SpaceX launched the satellite on its CRS-11 mission to the International Space Station on 3 June 2017. The satellite was carried in a Dragon spacecraft on a Falcon 9 rocket, launched from NASA's Kennedy Space Center, LC-39A. This was the 100th launch from LC-39A and the first time SpaceX reused one of its Dragon capsules. This mission also carried CubeSats from Japan, Bangladesh, Nigeria, and Mongolia. The satellites from Bangladesh (BRAC Onnesha) and Mongolia (Mazaalai) are those countries' first satellites.

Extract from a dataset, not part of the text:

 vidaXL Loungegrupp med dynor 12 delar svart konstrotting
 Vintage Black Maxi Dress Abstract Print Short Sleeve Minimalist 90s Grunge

GhanaSat-1 was released by a Japanese astronaut from the Nanoracks CubeSat Deployer, located in the Japanese Kibō module of the International Space Station, on 7 July 2017. The satellite launch was broadcast live and watched by over 400 people at All Nations University. The satellite orbited the Earth at an altitude of 400 km and at an inclination of 51.64°, completing an orbit around the planet every 92.57 minutes at a velocity of 7.67 km/s.

=== Operations ===
The satellite was primarily a technology demonstrator and Earth observation satellite. The Ghanaian scientists took images of the Ghanaian coastline for cartography. The acting director of Space Systems Technology Laboratory at All Nations University, Richard Damoah, said the satellite would "...also help us train the upcoming generation on how to apply satellites in different activities around our region. For instance, monitoring illegal mining is one of the things we are looking to accomplish". The satellite communicated with seven ground stations: one in each of the countries participating in the Birds-1 program, and one each in Thailand and Taiwan. The satellite was the last of the Birds-1 group to deorbit, ending its mission 22 May 2019.

== Future work ==
The university plans to coordinate with the government to build GhanaSat-2 and GhanaSat-3. The primary objective of GhanaSat-2 is to monitor water pollution, illegal mining, and deforestation. Japan's work with non-spacefaring countries continues with the Philippines, Bhutan, and Malaysia through Birds-2, launched in 2018 along with SpaceX CRS-15.